• _Activity_:
Where the line containing "Lab #10 Solubility" appears, begin retyping; continue exactly through the final line of the data. Omit every picture.

• _Exercise material_:
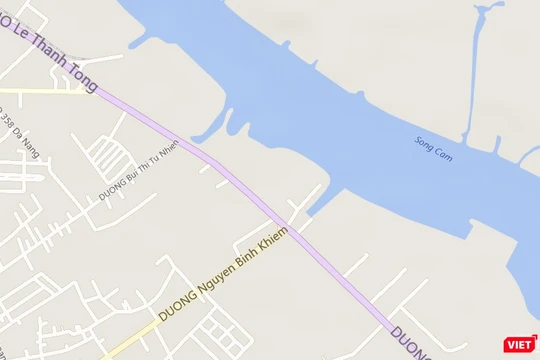 Vị trí Hải Phòng muốn làm hầm đường bộ vượt sông. Ảnh: Maps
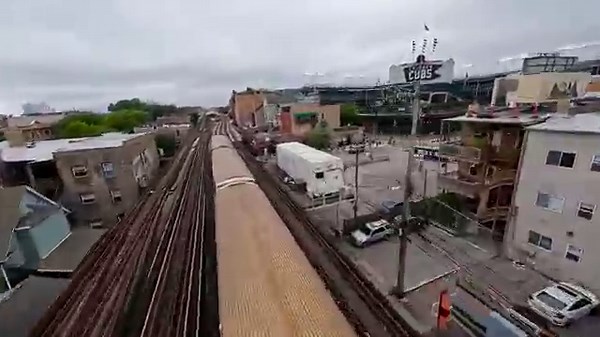 Un drone au stade de baseball Wrigley Field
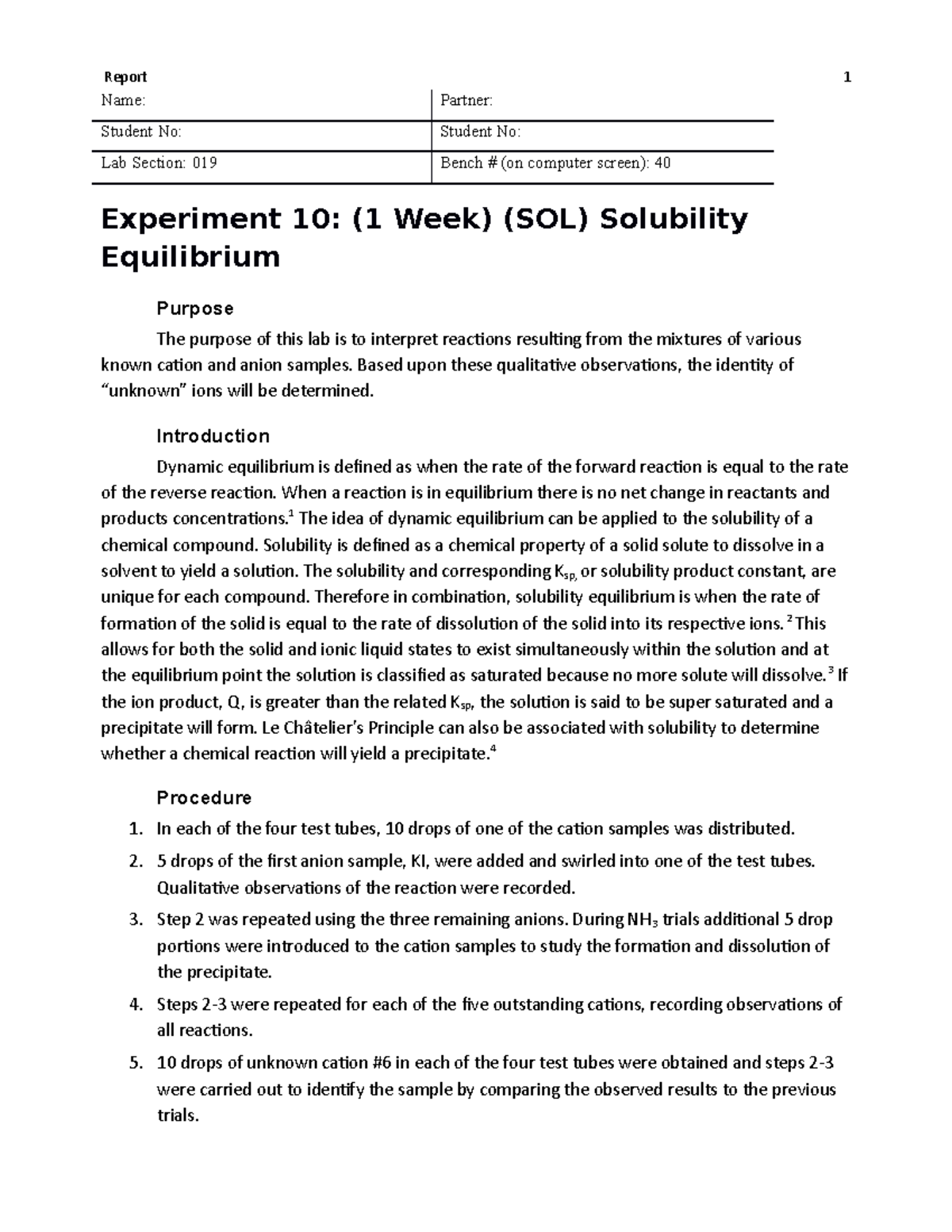 Lab #10 Solubility Equilibria - Name: Partner: Student No: Student No ...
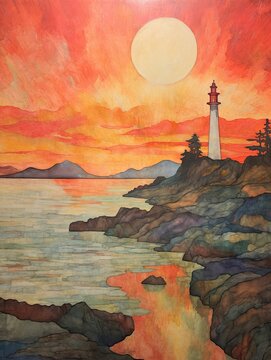 Vintage Lighthouse Sunset Painting: Captivating Coastal Scene with Vintage Landscape Views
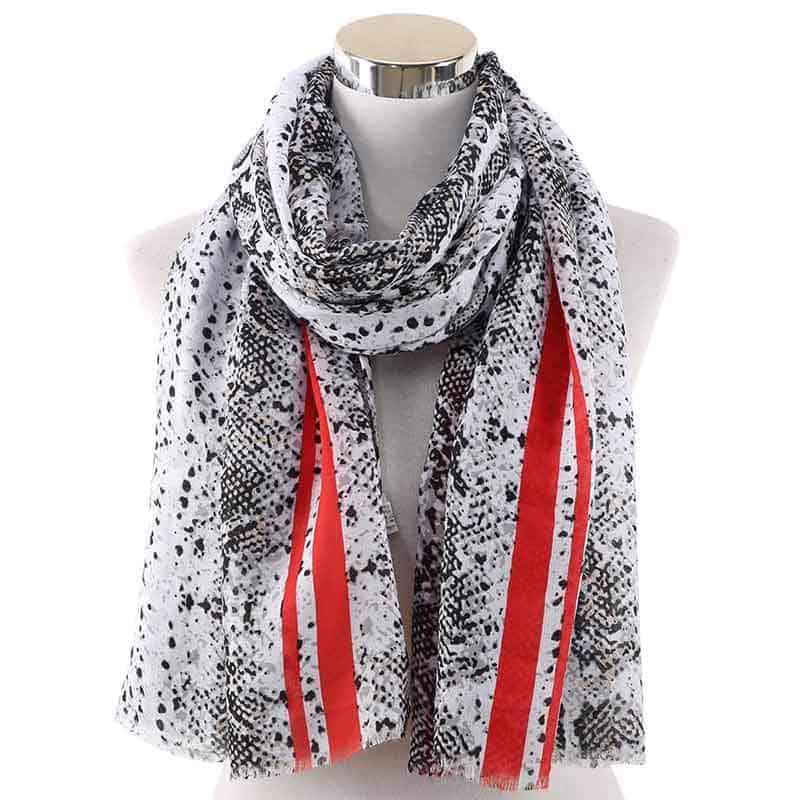 Pañuelo Serpiente Blanco Y Rojo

• _Answer to the problem_:
 Lab #10 Solubility Equilibria - Name: Partner: Student No: Student No ...
 Vintage Lighthouse Sunset Painting: Captivating Coastal Scene with Vintage Landscape Views
 Pañuelo Serpiente Blanco Y Rojo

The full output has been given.